Most people decide that no, it's not, so they shop at H&M instead. I shop at thrift stores and buy what the H&M folks are done with. We all wear the same stuff. Hence Colabination's quip, "Stop looking like everyone else and start bragging." It's a challenge to the potential customer, implying, "Are you unique and alt, a hipster sprung straight from a Tumblr page? Then put your money where your mouth is." Anyway, the prices don't stop me from admiring. Here's a sample of Colabination products:
Is it just me or does the model totally look like Lorde? Designer Natalie Rae, located in Berkeley, California, "wanted to create a label that showed the fashion world that you can create both ethical and sustainable clothing." Her showroom on Colabination is a "dream realized." The embellished top shown above comprises a blend of organic hemp and cotton, meaning Rae does put her money where her mouth is.

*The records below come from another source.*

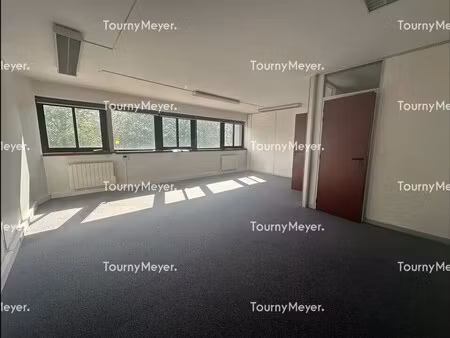 location bureaux 67 m² à 137 m²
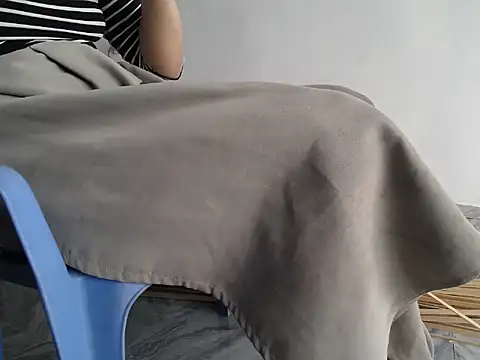 nolame18xxx online show from April 13, 2:39 am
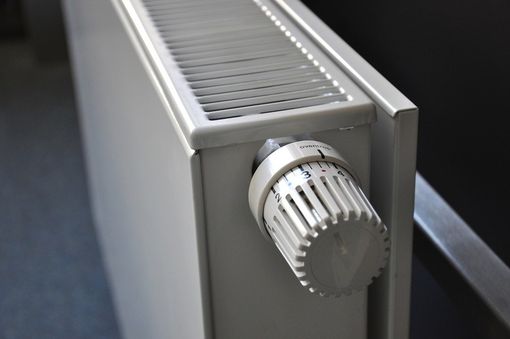Il 24 ottobre termosifoni accesi nelle case popolari, ma sei ore al giorno e con un grado in meno Il 24 ottobre termosifoni accesi nelle case popolari, ma sei ore al giorno e con un grado in meno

The Ana Blouse, $220, colabination.com
Husband-and-wife brand NO&YO is also based in Southern California. NO&YO focuses on athletic t-shirts, endorsing "the outdoors, adventure, [and] connecting with like-minded people while traveling." The illustrated train tracks on this "Trestles" shirt evoke the early days of California, the rough Wild West when locomotives were cutting-edge technology. And yet the clean design keeps a modern feel.
California Rides Series Tee, $39, colabination.com
Flea Market Girl, yet another California brand, this one from L.A., features jewelry made from a variety of metals, stones, and leather to create "looks ... from edgy to dainty, which is expected to make the quintessential 'flea market girl' feel confident in her own style." I love the contrast of the boldly golden braided strap and the iridescent blue cabochon. Cooler shades dominate the brand's collection on Colabination.
Braided Tear Drop Wrap Bracelet, $78, colabination.com
Wear Your Label is based in Fredericton, Canada. MacNevin and Reed were inspired by their "struggles with mental illness [and] experience volunteering with non-profits." A sweater emblazoned "it's okay to not be okay" is basically what I needed to sustain emotional buoyancy during middle school. I don't think my budding depressive self would have been brave enough to wear it, but it would have meant the world to me. (Not unlike Kelly Clarkson's angsty second album, My December, an inexplicably underrated release.) My current somewhat-post-depressive self would wear the heck out of this sweatshirt! Creators Kyle MacNevin and Kayley Reed of Wear Your Label explain, "We want to end the stigma that prevents individuals from seeking ... help. Guess what? It's okay to not be okay. And sometimes all we need is that little reminder."
"It's Okay" Sweater, $86, colabination.com
SNAPBACK CROWN. HELL YEAH. Whitney Manney, based in Kansas City, Missouri, combines "the aesthetics of street art [with] fashion and textile design." The brand is graffiti-inspired, citing "involvement of the hand, the pace of creating new imagery and the unique quality of each motif" as core principles ported from street art to apparel design.
Crown'd Metallic Snapback, $45, colabination.com
To summarize, there's some "awesome stuff" on Colabination, as they claimed. The website has a large, diverse repertoire of indie brands. It'll be interesting to see how the business develops and whether it succeeds in its stated goal to "change the world." Oh yeah, didn't I mention that part? Colabination tells its customers, "Together, we can change the world... or at least make it better dressed." They elaborate that "team members are constantly challenging the status quo and using their intellectual rigor in their never-ending quest toward a global evolution." That's a mighty mountain to climb, but you can't reach the top without ascending the foot hills, right?